A preliminary report by fire officials names ‘mulch under a porch’ as the fire’s most probable point of origin. A thorough investigation by local officials, in conjunction with the Morris County Prosecutor’s Office and the Morris County Sheriff’s Department Arson Squad, is underway.
Mulch fires have become a widespread area of concern for just about every fire department in the northeast in recent years. Decorative mulch has become a popular item for landscapers as well as the homeowner, to enhance one’s property. The problem lies in the fact that mulch is shredded organic matter. This organic matter, over time, starts to decompose. Water trapped underneath helps to speed up the decomposition process. This decomposition process produces heat. Once the temperature produced from within, heats the dry surface material to its kindling point, spontaneous combustion can occur and you have a fire. The general public; and probably most landscapers; have little or no knowledge of this. They tend to place the mulch around bushes and shrubs or through flower gardens that are adjacent to the house or garage. If a fire occurs, it can and most often does, involve the structure; causing loss of property and even loss of life. Spontaneous combustion is not the only problem. All too often, people don’t think when they discard a lit cigarette into the bushes or garden containing mulch, before they enter a public building. This is a growing problem now that you can no longer smoke in most public buildings in New Jersey.

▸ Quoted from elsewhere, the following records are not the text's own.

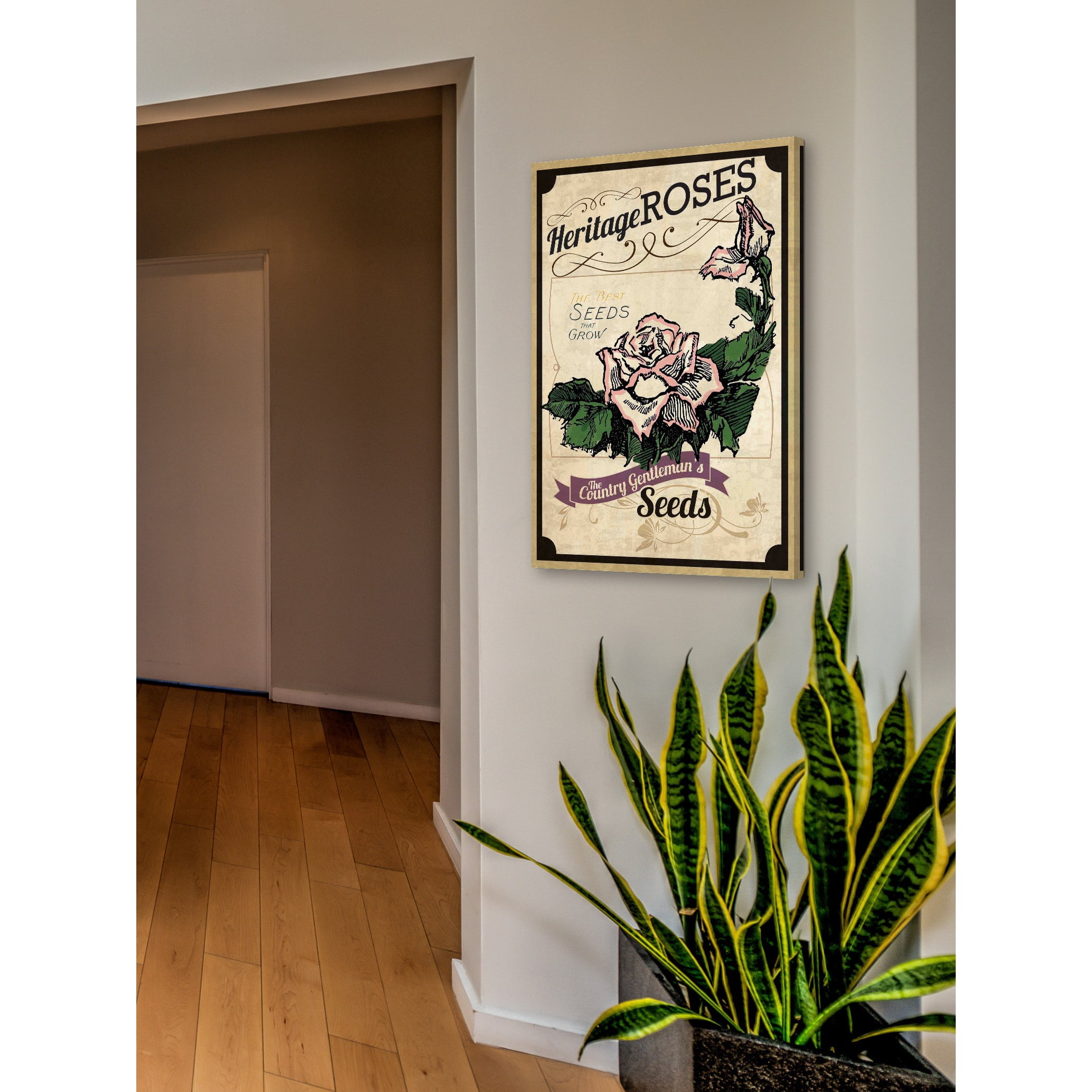 Marmont Hill "Flower Packet Roses" Painting Print on Canvas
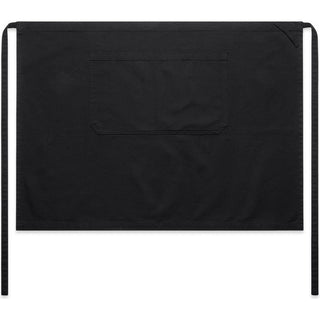 AS Colour 1081 Canvas Half Apron - Front View | color:Black|view:front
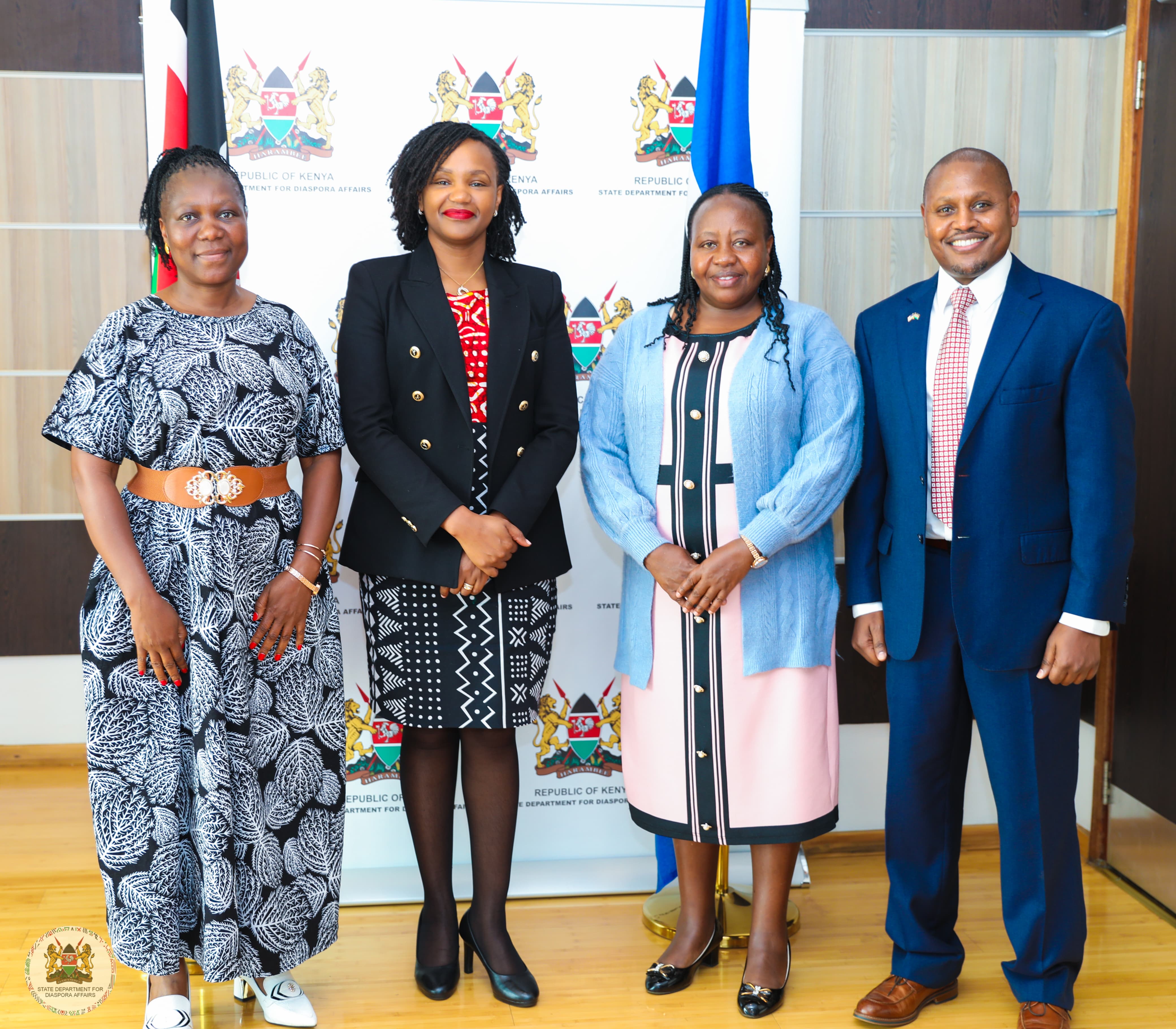 KENYA DIASPORA RETURNEES PAY A COURTESY VISIT TO PS NJOGU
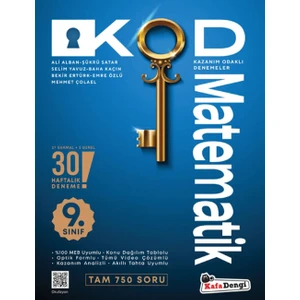 Kafa Dengi Yayınları   (Sınıf: 9) Matematik Kod 30 Deneme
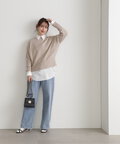 【松井愛莉さん着用】アンゴラ混ハイネックニット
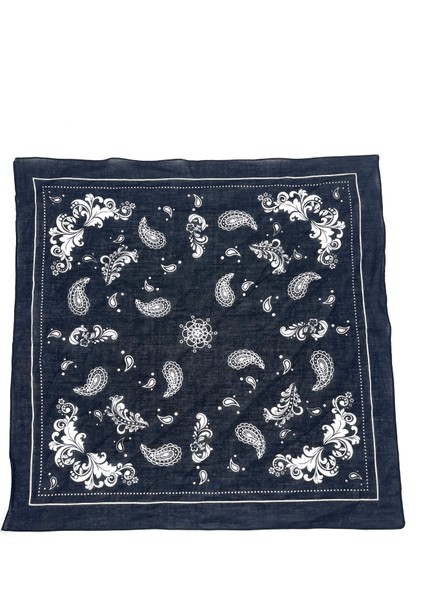 Naz Ipek Pamuklu Bandana Fular 55X55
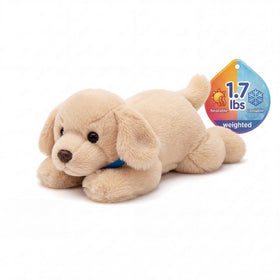 SHSEEN Golden Retriever weighted plush front view showing calm comfort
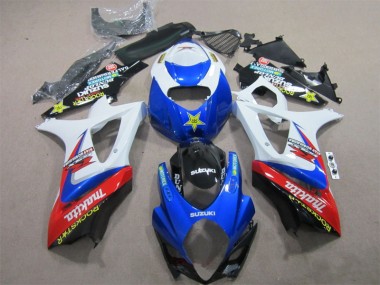 Buy 2007-2008 Blue White Rockstar Suzuki GSXR1000 Motorcycle Bodywork UK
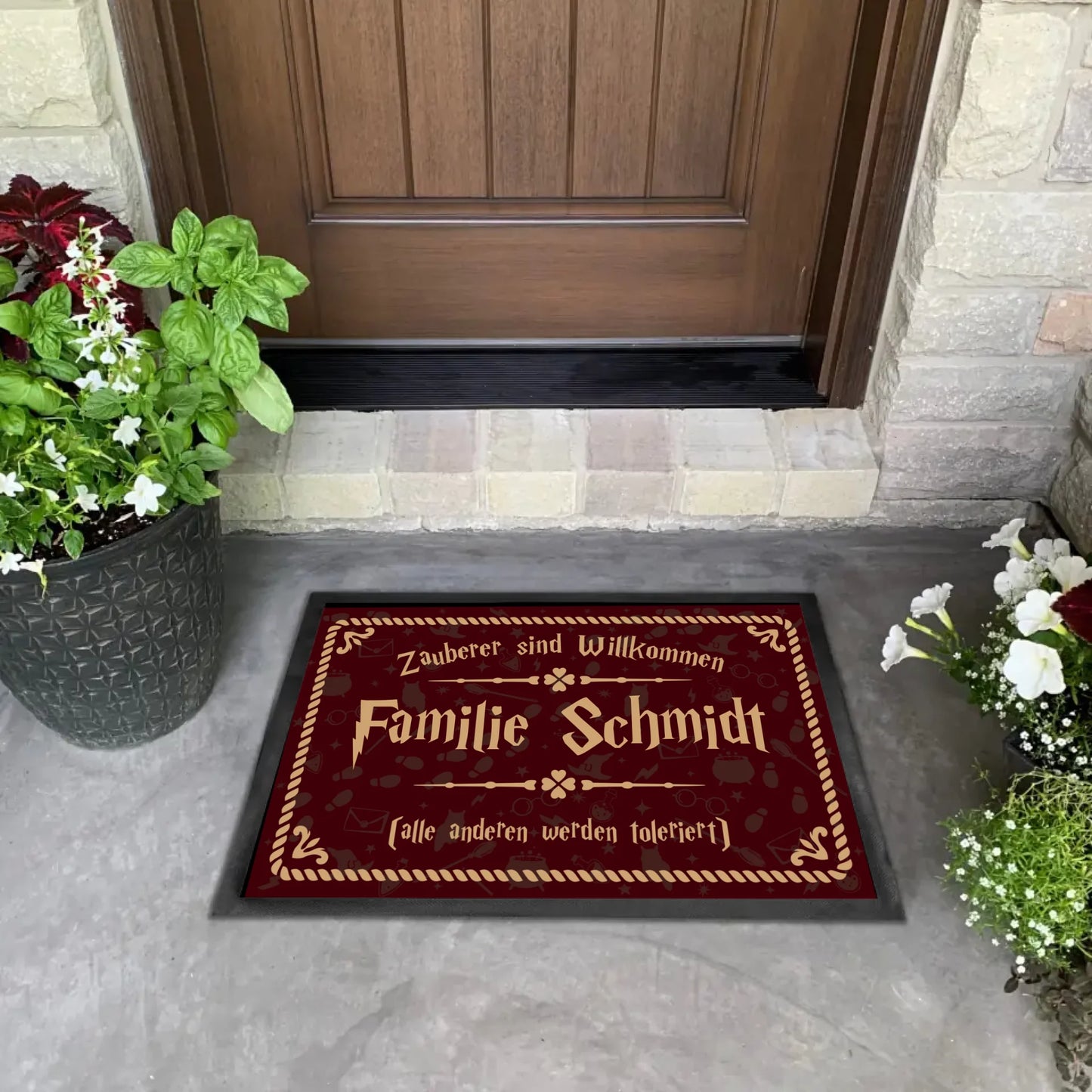 Zauberer sind willkommen - Personalisierte Fußmatte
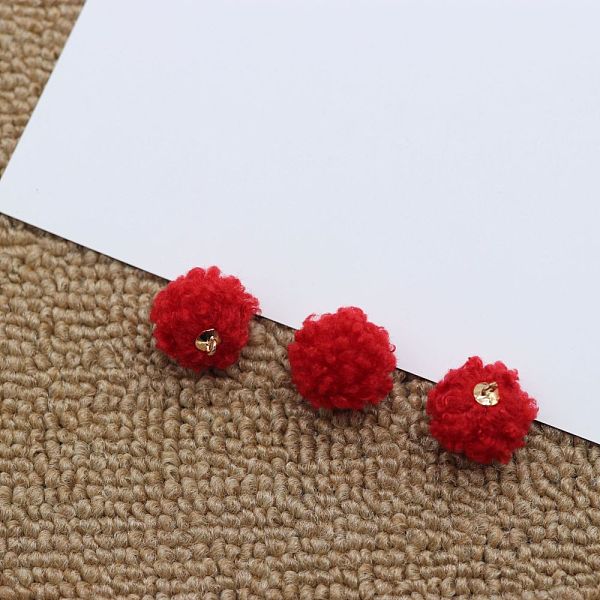 

PandaHall Fibre Pendants, with Golden Plated Alloy Finding, for DIY Jewelry, Earrings, Round, Red, 17~17.5x14.5mm, Hole: 1.5mm Fibre Round...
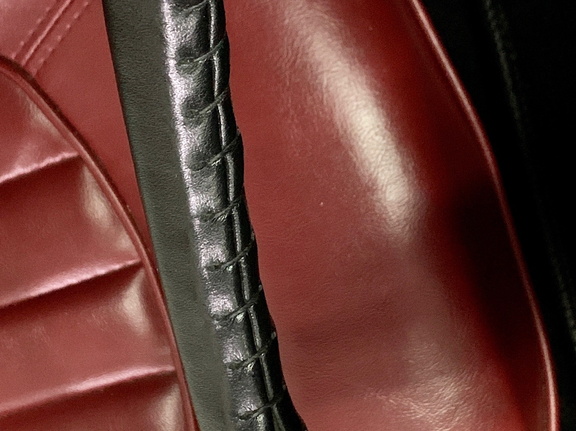 Steering wheel close up 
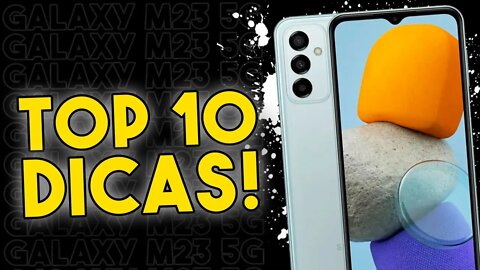 TOP 10 DICAS E TRUQUES para o Galaxy M23 5G que você PRECISA SABER!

It is the author’s opinion that a standard could and should be established as to a ‘safe distance requirement’ when using or placing organic mulch near or around a structure, and should furthermore be enforced under local and state building codes and fire codes. Bags of mulch should have a printed warning on them alerting the user to the potential danger of use AND storage. Landscapers should be made aware of the possibility of fire damage to a customer’s home and should be held accountable for any damages incurred by improper placement of the mulch within the “safe zone”. Fire departments throughout the country should take the opportunity of Fire Prevention Week to educate the public in their seminars, school fire awareness demonstrations, pamphlet handouts and fund drive letters; as to the potential dangers of organic mulch. The State of Virginia has begun addressing the problem with free pamphlets from the Department of Forestry. Mulch Fire Information
If even one life is saved, then it’s all worth it, because it’s happening mulch too often!